A continuación, se considera la figura 1 que es una vista lateral en sección de una célula solar de contacto trasero interdigitada (IBC) de acuerdo con una realización de la invención. La célula incluye un sustrato monocristalino o policristalino con luz de tipo n 10 que tiene una superficie delantera que recibe la radiación y una superficie texturada sobre la que se forma una capa delgada (de por ejemplo 10-150 angstrom) de óxido de silicio con efecto túnel 12, con un recubrimiento de pasivación 14 sobre el óxido de efecto túnel 12 que puede comprender nitruro de silicio, carburo de silicio dopado o una capa de silicio amorfo dopado.
En la superficie trasera del sustrato 10 hay una capa de óxido segundo con efecto túnel 16 sobre la que se forman los contactos de silicio amorfo P+ 18. Un dieléctrico, tal como el óxido de silicio 20 separa el silicio amorfo P+ 18 del silicio amorfo N+ 22 que se forma en las aberturas a través de la capa de silicio amorfo P+ 18 y en contacto con el óxido de efecto túnel 16. Aunque las capas de silicio amorfo 18, 22 se forman por deposición de vapor a baja temperatura, el óxido de efecto túnel 16 evita cualquier recristalización del silicio amorfo por el crecimiento epitaxial del sustrato de silicio 10. El contacto metálico 24 se acopla a la capa de silicio amorfo P+ 18 y los contactos metálicos 26 se acoplan a las capas de silicio amorfo N+ 22.
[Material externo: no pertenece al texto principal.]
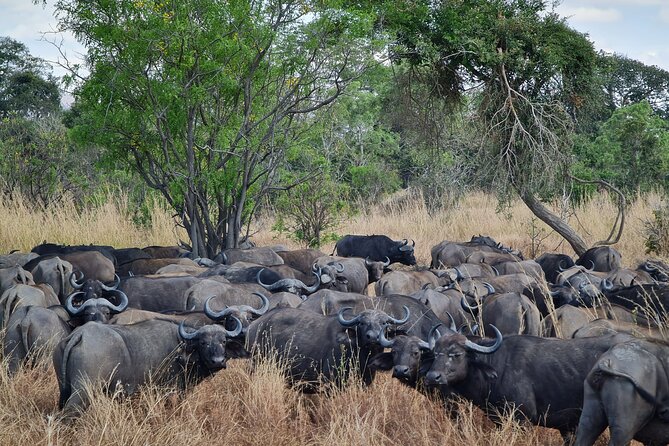 From Zanzibar: Mikumi Safari Day Trip with Flights and Meal - Guides, Vehicles, and Photo Stops: How the Day Feels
La heterounión de contacto trasero mejora la pasivación trasera de la célula solar por la inclusión del óxido con efecto túnel 16, el campo de heterounión proporcionado por los contactos de silicio amorfo y la pasivación de los contactos. Como se describirá más adelante en el presente documento, un beneficio del proceso de fabricación del dispositivo es que no se requiere un sistema dopante de alta temperatura.
Las figuras 2A-2D son vistas en sección que ilustran la célula solar de la figura 1 durante su fabricación. Inicialmente, como se muestra en la figura 2A, el sustrato de silicio 10, que puede ser o bien intrínseco o estar ligeramente dopado, tiene un óxido con efecto túnel delgado 16 que ha crecido sobre el mismo, que puede tener un espesor de, por ejemplo, 10-20 angstrom. La capa de silicio amorfo 18 se deposita a continuación, con un dopante de boro y una concentración de dopante de 1020-1021 o 10E20 - 10E21 átomos por centímetro cúbico y un espesor de 500 a 2000 angstrom. El crecimiento de una capa de silicio dopado por deposición de vapor es un procesamiento del silicio conocido. La inclusión de una capa intrínseca debajo de la capa de silicio dopado de tipo p puede fabricarse si se desea una estructura PIN.
Después, se deposita una capa aislante de óxido de silicio 20 por deposición química de vapor a baja presión (LPCVD, PECVD, APCVD), o por un proceso de giro sobre vidrio. La capa de óxido de silicio 16 es de 500 a 1000 angstrom en esta realización ilustrativa.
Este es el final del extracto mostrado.